Privacy

Privacy methods are aimed to detect and obfuscate the presence of private information and personally identifiable information (PII) in a string. They can be used at both the input and output levels.

The table below lists the privacy methods we currently support. The ID column should be used to use the detection method in a config.

Name

ID

Description

Presidio

privacy-presidio

Detect and censor PII using Microsoft’s Presidio library

Detect Secrets

detect-secrets

Detect and censor secrets using Yelp’s Detect Secrets library


Presidio (privacy-presidio)

Uses Microsoft’s Presidio Data Protection and De-Identification SDK to detect the presence of PII in a query string. Depending on the configuration it can be used to just detect PII, or obfuscate it instead. Enabled in Dome’s default configuration.

Parameters

  • score_threshold (optional float): Threshold for a string to be classified as PII. Default value is 0.5.

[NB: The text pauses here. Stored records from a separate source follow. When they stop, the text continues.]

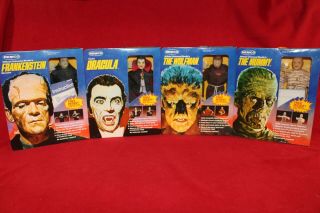 Remco 1980 Monster Figure Lot; Wolfman Frankenstein Dracula Mummy & Boxes,  Rings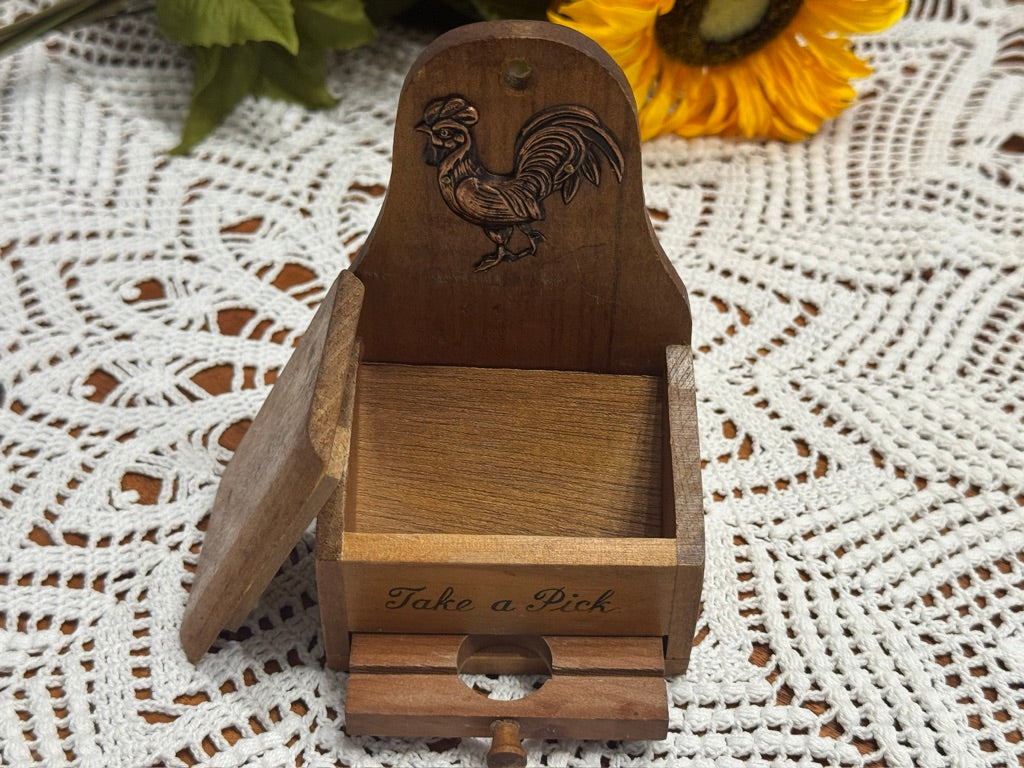 Vintage Victor Goldman Wooden Rooster Themed Toothpick Holder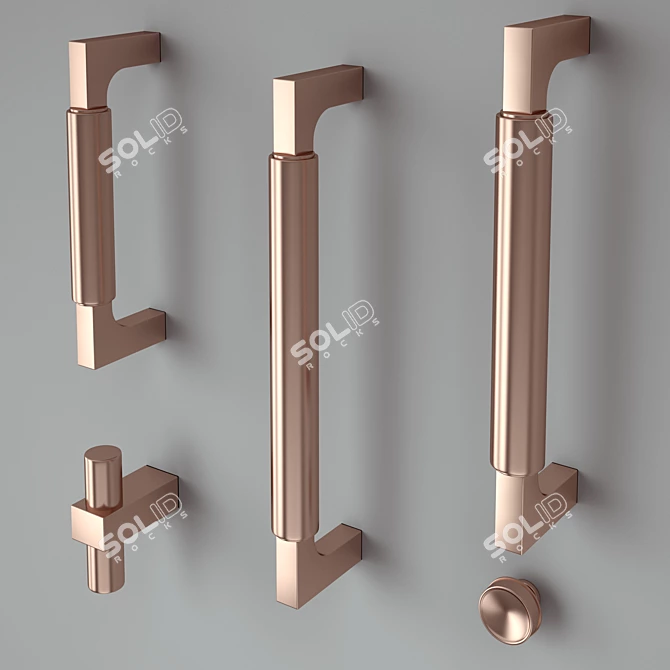 Copper Handle Collection 3D model image 1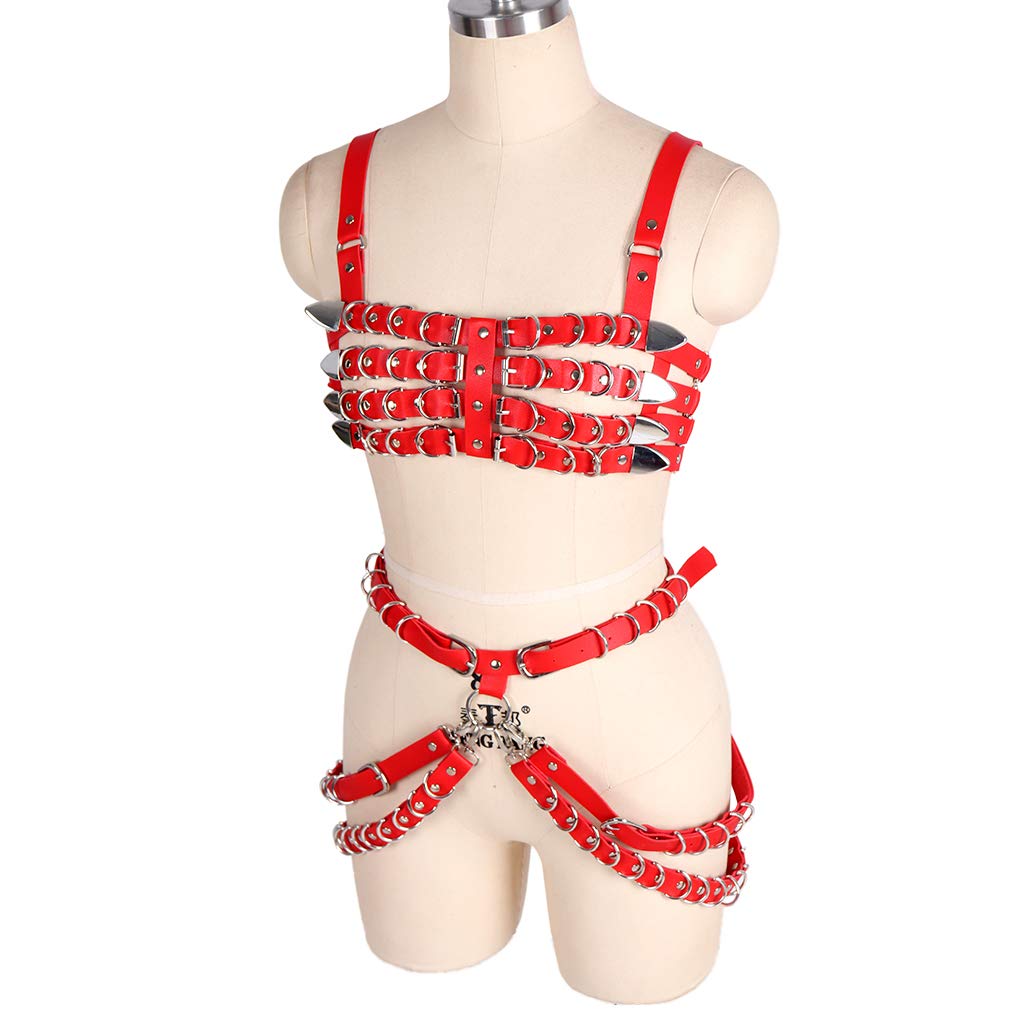 Punk Leather Body Harness for Women - Hollow Out Frame Garter Belt Set, Gothic Lingerie Accessories | Perfect for BDSM, Cosplay, and Alternative Fashion Outfits
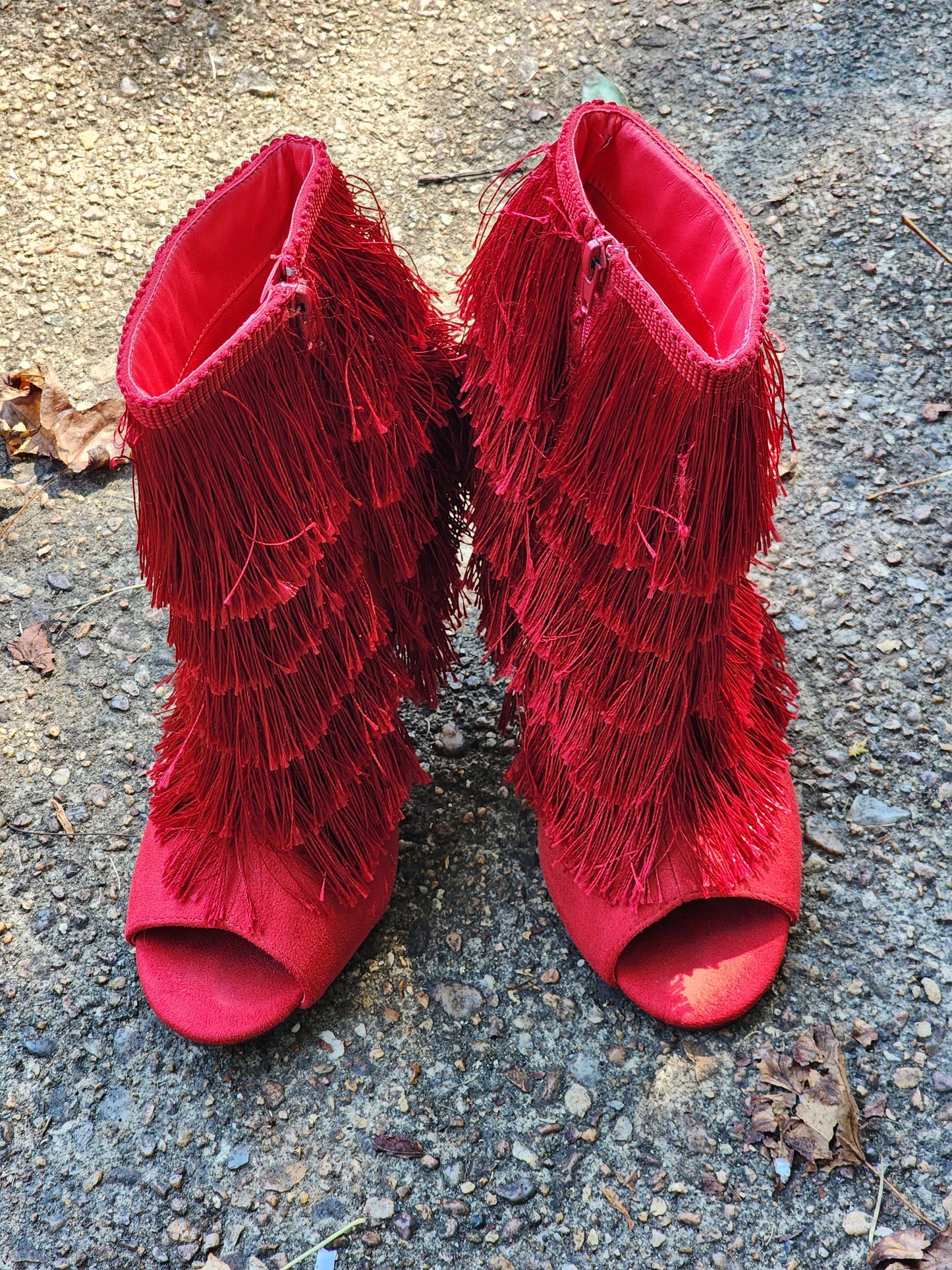 Red Fringe Peep-Toe Heels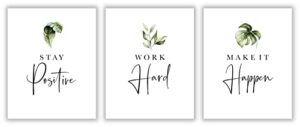 botanical inspirational motivational wall art office decor – unframed set of 3 – 8×10 inch – black and white sage green leaf plant wall art posters for office, positive office decor, inspirational motivational office wall decor posters, office wall art fo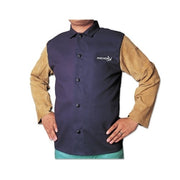 Best Welds leather FR sateen combo welding jacket X-Large, navy FR body with tan split leather sleeves, snap closure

  • anonymize (optional boolean): Determine whether or not anonymization should be enabled. Defaults to true. Important: if anonymization is enabled, this method will never flag any text. Instead, it will return an anonymized version of the query string with all the PII redacted.

  • allow_list_files (optional List[str]): A list of filepaths that contain PII whitelists. Each file should be a text file where every line corresponds to one PII entry that should be ignored. By default, no files are specified in the allow list.

Detect Secrets (detect-secrets)

Uses Yelp’s Detect Secrets module to detect possible secrets in a query string. Depending on the configuration it can be used to detect secrets or censor them instead.

Parameters

  • censor (optional boolean): Whether to censor secrets out instead of flagging them. If set to True, this method will never flag strings with secrets, but only censor them out instead.